---- Available data

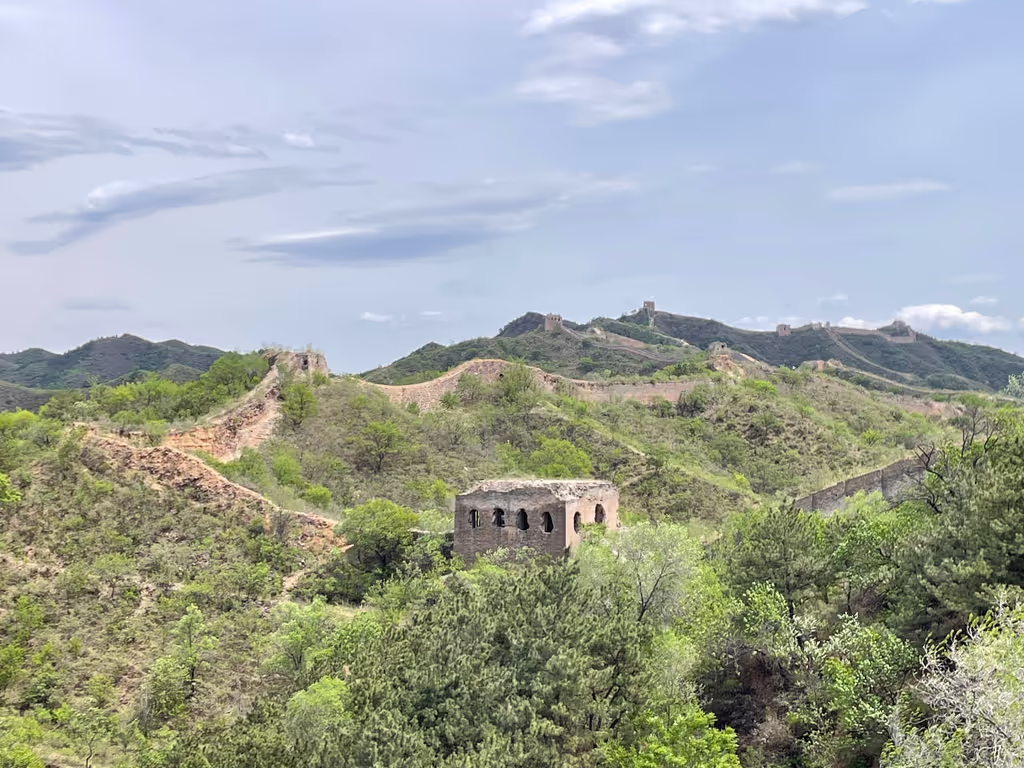Beijing Private Tour - The great wall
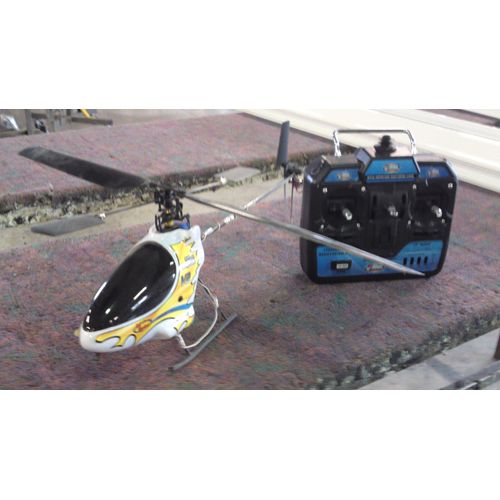 Hélicoptère Électrique (Easy Copter V2)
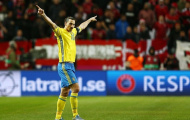 Ghi bàn từ chấm 11m, Ibrahimovic đặt một chân vào VCK EURO 2016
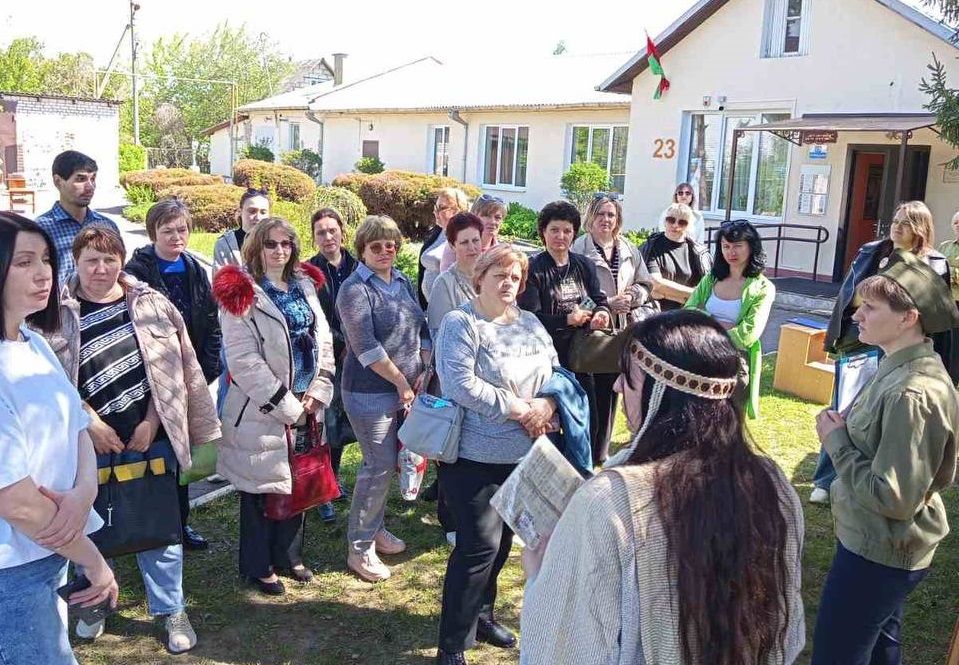 В Михановичах провели мастер-класс по организации тематических площадок
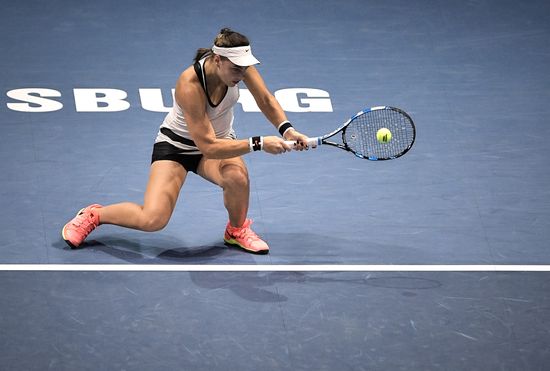 Tennis. St. Petersburg Ladies Trophy 2017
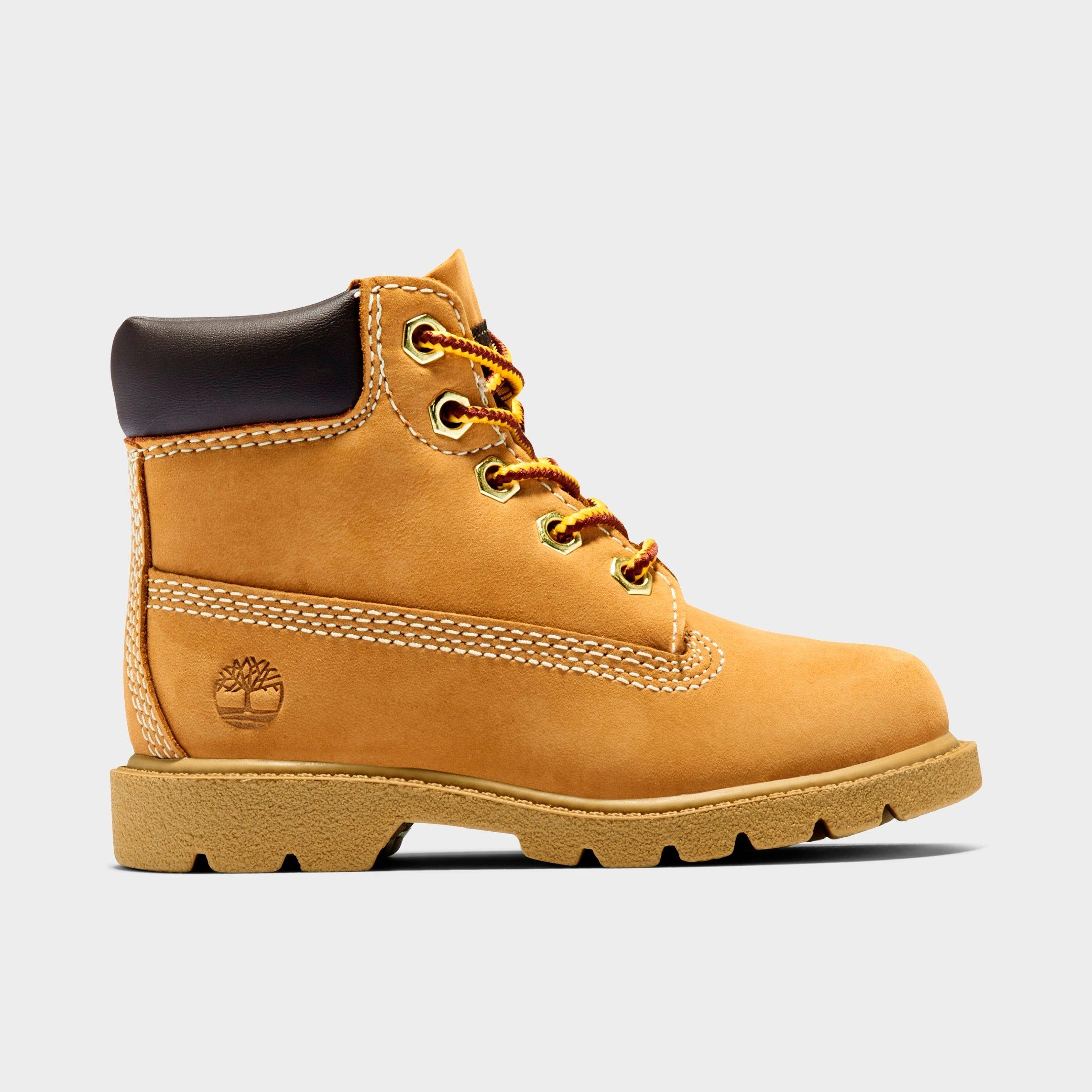 Shop Timberland Kids' Toddler 6 Inch Classic Boots In Wheat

--------

=== Exercise requirements ===
In the answer, the lines from the one containing "Hélicoptère Électrique (Easy Copter V2)" to the end of the records above must be written out exactly, both ends included; the pictures must not appear.

=== Exercise answer ===
 Hélicoptère Électrique (Easy Copter V2)
 Ghi bàn từ chấm 11m, Ibrahimovic đặt một chân vào VCK EURO 2016
 В Михановичах провели мастер-класс по организации тематических площадок
 Tennis. St. Petersburg Ladies Trophy 2017
 Shop Timberland Kids' Toddler 6 Inch Classic Boots In Wheat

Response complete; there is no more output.